2021-04-19 04:09 PM
Hello. I am using uart to communicate two stm32, with a baud rate set at 19200bps. What is the tolerable error percentage for baud rate so that I don't have communication problems?
2021-04-19 06:30 PM
I'd probably like to keep it with +/- 3%
2021-04-20 01:13 AM
Sampling point for async serial communication is in the middle of the bit at 50%. For normal 8n1 (1 startbit, 8 databits, 1 stopbit) the stream is synced with the edge of the startbit. So after consecutive 10 bits, sender and receiver should still match the same bitposition in the sampling point. This calculates to 50% / 10 = 5%, where Tx and Rx do no longer match. Furthermore the signal quality (cable length!) is also significant. For short distances and low baudrates (19200bps and up to 5 meters) 3% relative tolerance between both endpoints should be working fine. Always assumed you are working with RS232 transceivers.
2021-04-20 06:50 AM
is this a general rule for ST line? or will each microcontroller have a different tolerance?
2021-04-20 07:41 AM
This is a general rule for UART as such.
You usually have 10 bits in a frame and the timing must not deviate more than half a bit from start to end, that gives you roughly 5%. Now you need some margin for other influences like rise/fall time, sampling jitter etc.; the 3% is a healthy maximum.
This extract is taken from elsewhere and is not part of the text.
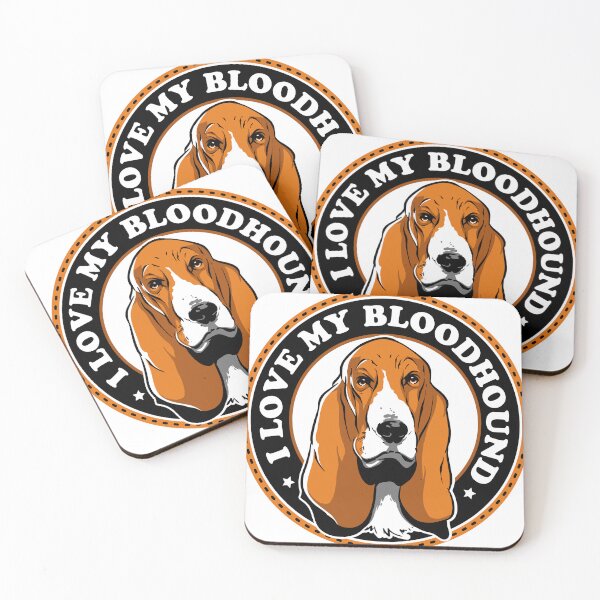 Artikelvorschau, Ich liebe meinen Bloodhound-Hund entworfen und verkauft von jofredo.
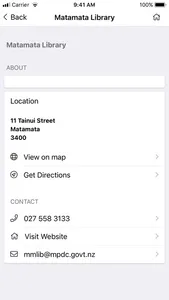 Matamata Piako Libraries screenshot 5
Note, that this assumes one "errorneous" communication side and one perfectly timed (with a crystal oscillator). If both are "errorneus", the margin is half, i.e. +-1.5%.
JW
2021-04-20 02:01 PM
One should consider implementational detail.
Most specifically the quality of you source clocks, and the division mechanisms to get to the baud rate, and oversampling on the reception side.
As the baud rate becomes higher the error in its setting might become due to the granularity of the clock.
For example look at what rates BBR = N-1, N, and N+1 yield
The simplistic integer divider is not the only way to get a clock divided, alternative implementations can be significantly better and have less error.
For 2 Mbps UART one would want to consider a system clock that is a multiple of 16 or 32 MHz
Also be aware that a UART isn't particularly good a determining error, most people don't use parity, and framing errors only catch really gross errors. Use protocols which have longitudinal checksums/crc, that can resync and retry when errors are detected.